- [What to work on]:
Once the line with "Palazzo Donizetti Istanbul, Tapestry" is reached, output it and every line after it, exactly, through the end of the records below. Pictures are skipped.

- [Supplied data]:
..............................

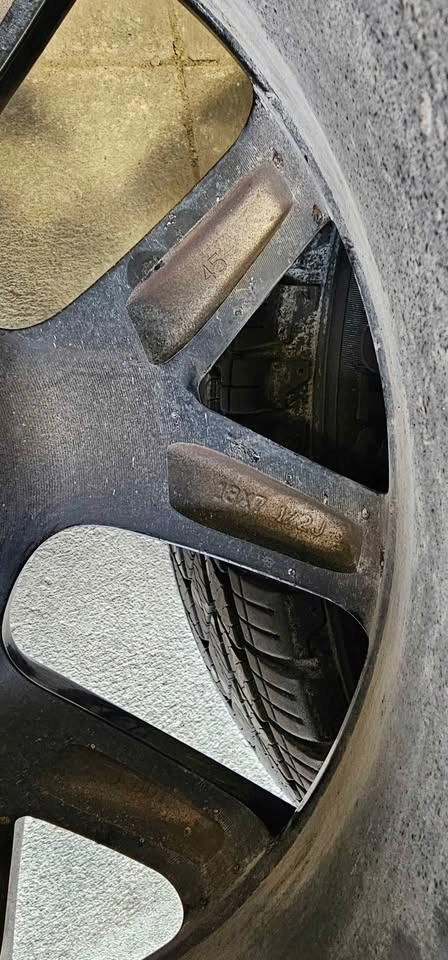 Toyota RAV4 OEM Rims with All Season Tires 235/55R18 - photo 4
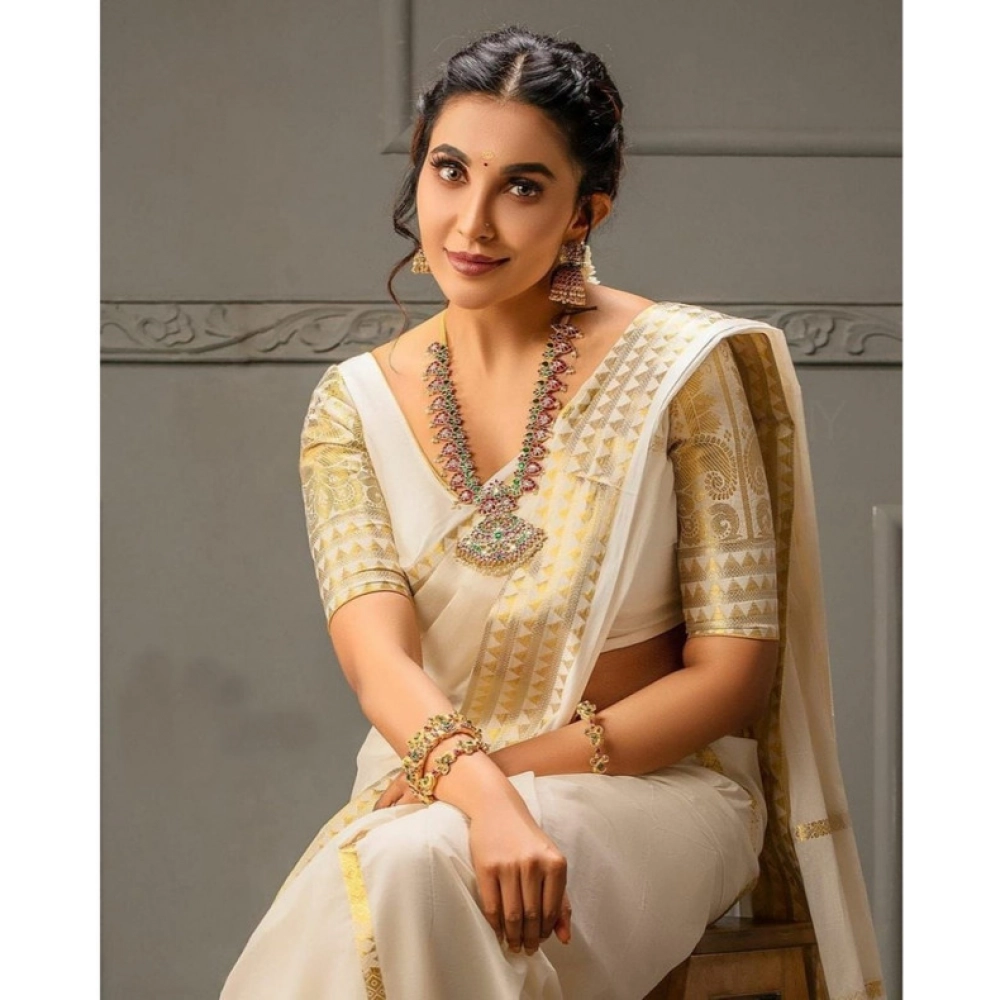 PID-63157-Generic-Women-s-Soft-Lichi-Silk-Jacquard-Work-Saree-With-Unstitched-Blouse-5-5-Mtr-White-1-1000x1000-1.webp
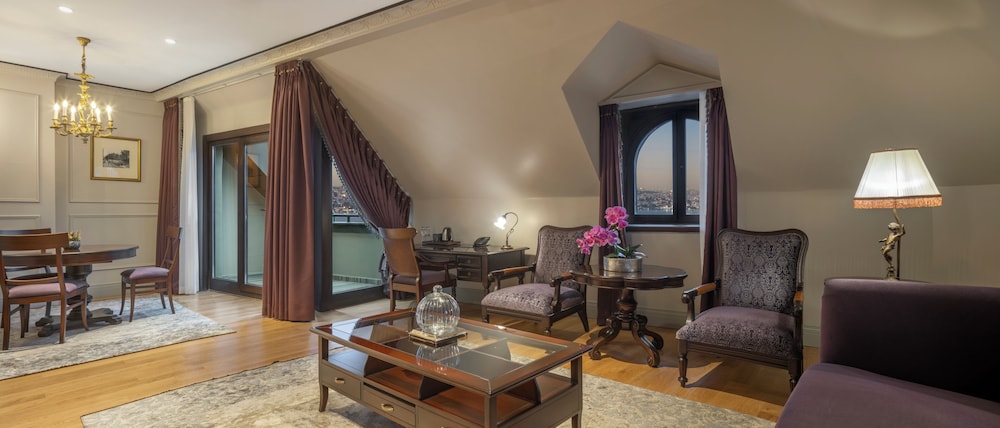 Palazzo Donizetti Istanbul, Tapestry Collection by Hilton 55/75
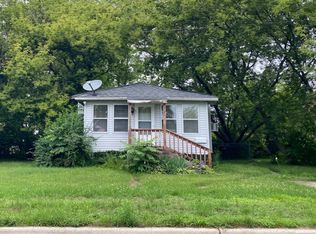 7 Paw Paw St, Three Oaks, MI 49128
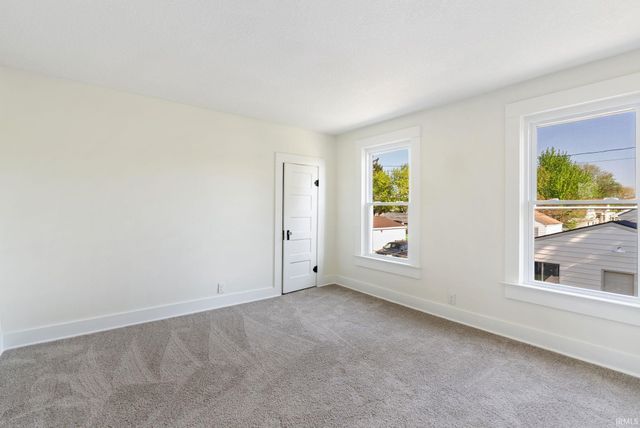 1652 High Street, Fort Wayne, IN 46808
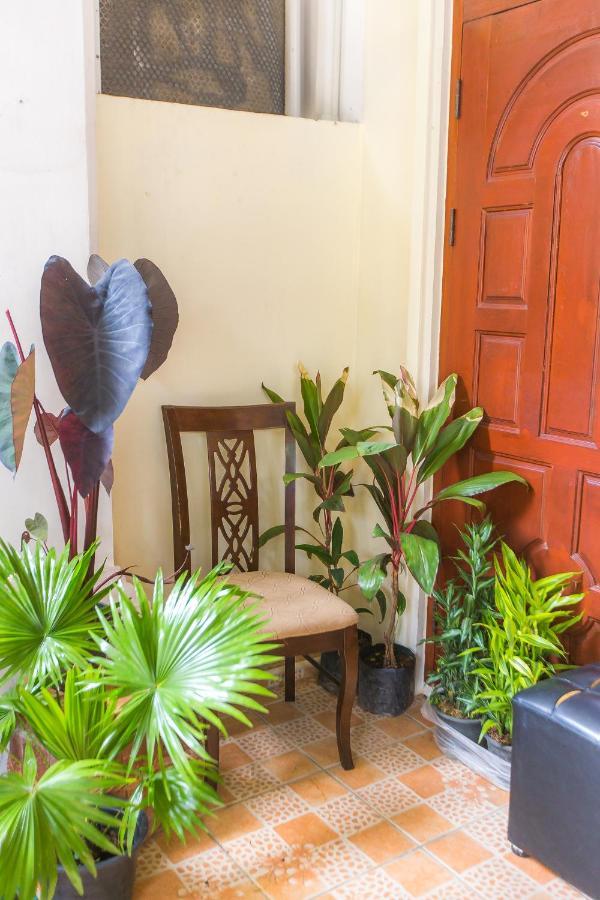 The Little Siri Hotel Chiang Mai Buitenkant foto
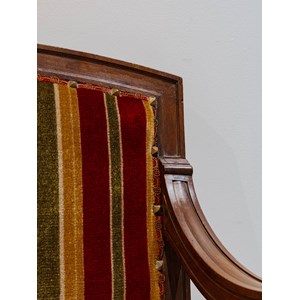 Fauteuil louis xiii en bois et tissu à rayures n°929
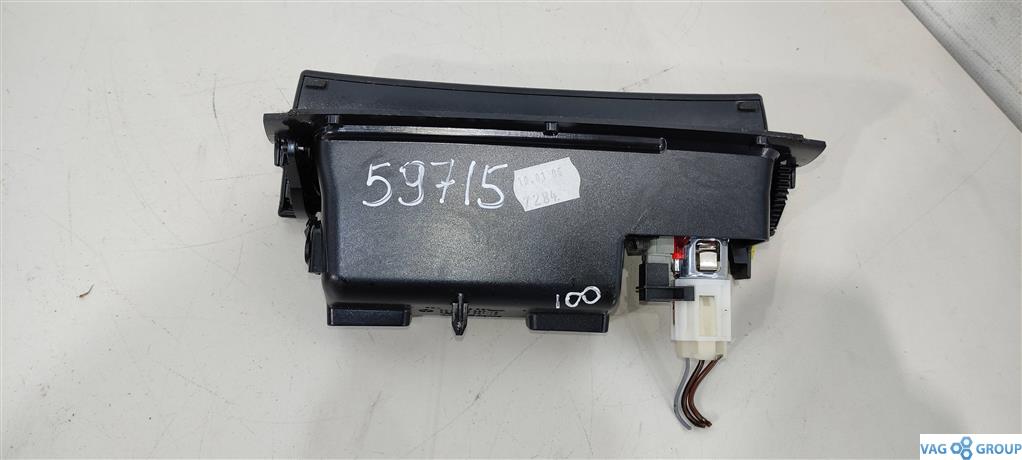 пепельница Volkswagen Passat B6 2006, 2.0 л., бензин, седан, 3C0863284A, 3C0857961A, 3C0857961F, 3C0857961H, . - фото №1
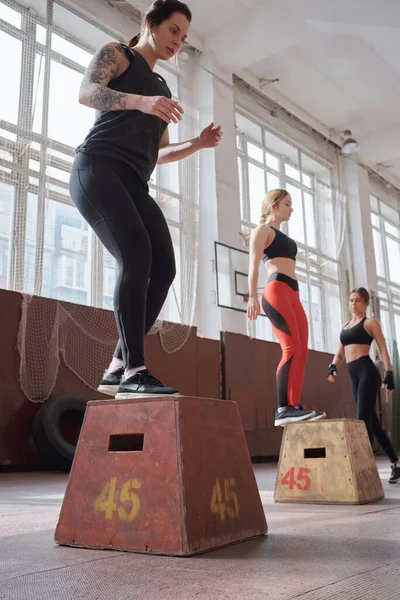 Ragazze Che Preparano Estate Giovani Donne Caucasiche Sportive Che Fanno — Foto Stock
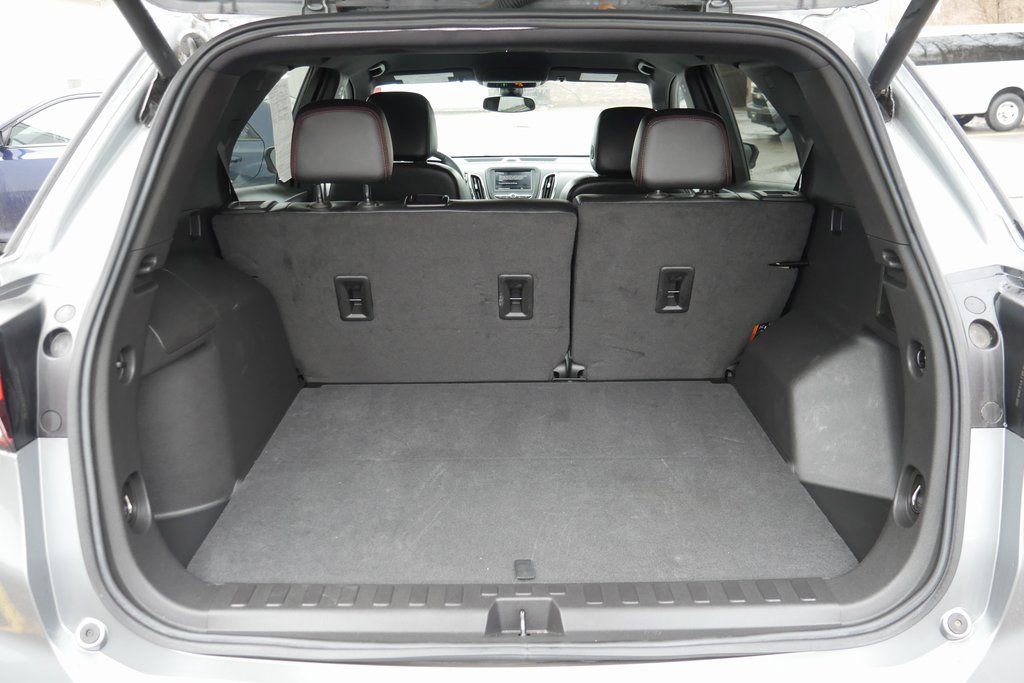 Used 2024 Chevrolet Equinox RS FWD image 26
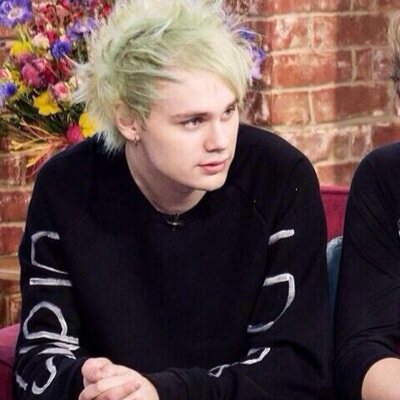 AshsBlackJeans's profile picture. Please follow @WifiiStyles and rt/fave the link? ❤️ Thankss :)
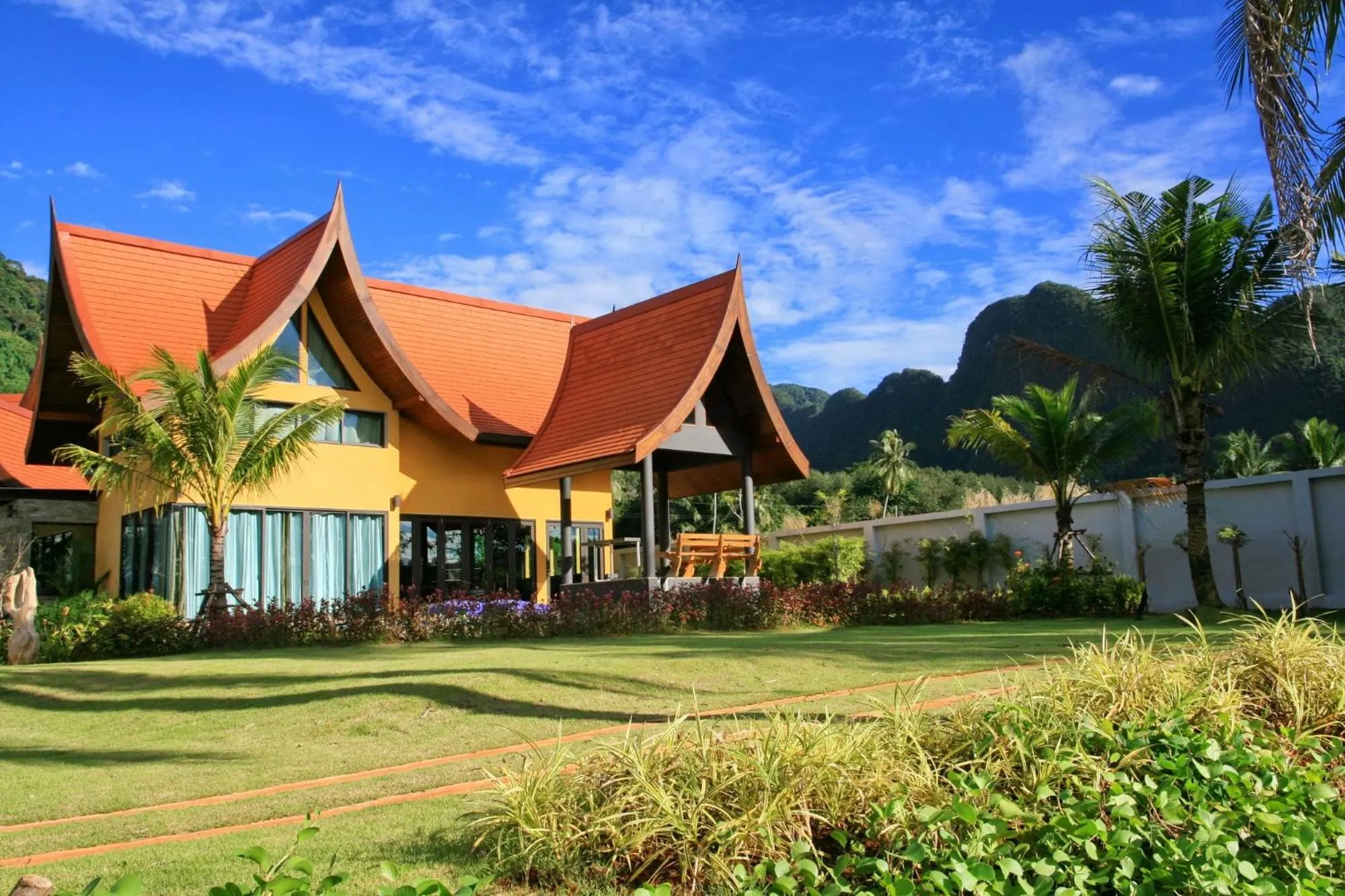 Facade/entrance in Tha Lane Bay Villas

..............................

- [Answer box]:
 Palazzo Donizetti Istanbul, Tapestry Collection by Hilton 55/75
 7 Paw Paw St, Three Oaks, MI 49128
 1652 High Street, Fort Wayne, IN 46808
 The Little Siri Hotel Chiang Mai Buitenkant foto
 Fauteuil louis xiii en bois et tissu à rayures n°929
 пепельница Volkswagen Passat B6 2006, 2.0 л., бензин, седан, 3C0863284A, 3C0857961A, 3C0857961F, 3C0857961H, . - фото №1
 Ragazze Che Preparano Estate Giovani Donne Caucasiche Sportive Che Fanno — Foto Stock
 Used 2024 Chevrolet Equinox RS FWD image 26
 AshsBlackJeans's profile picture. Please follow @WifiiStyles and rt/fave the link? ❤️ Thankss :)
 Facade/entrance in Tha Lane Bay Villas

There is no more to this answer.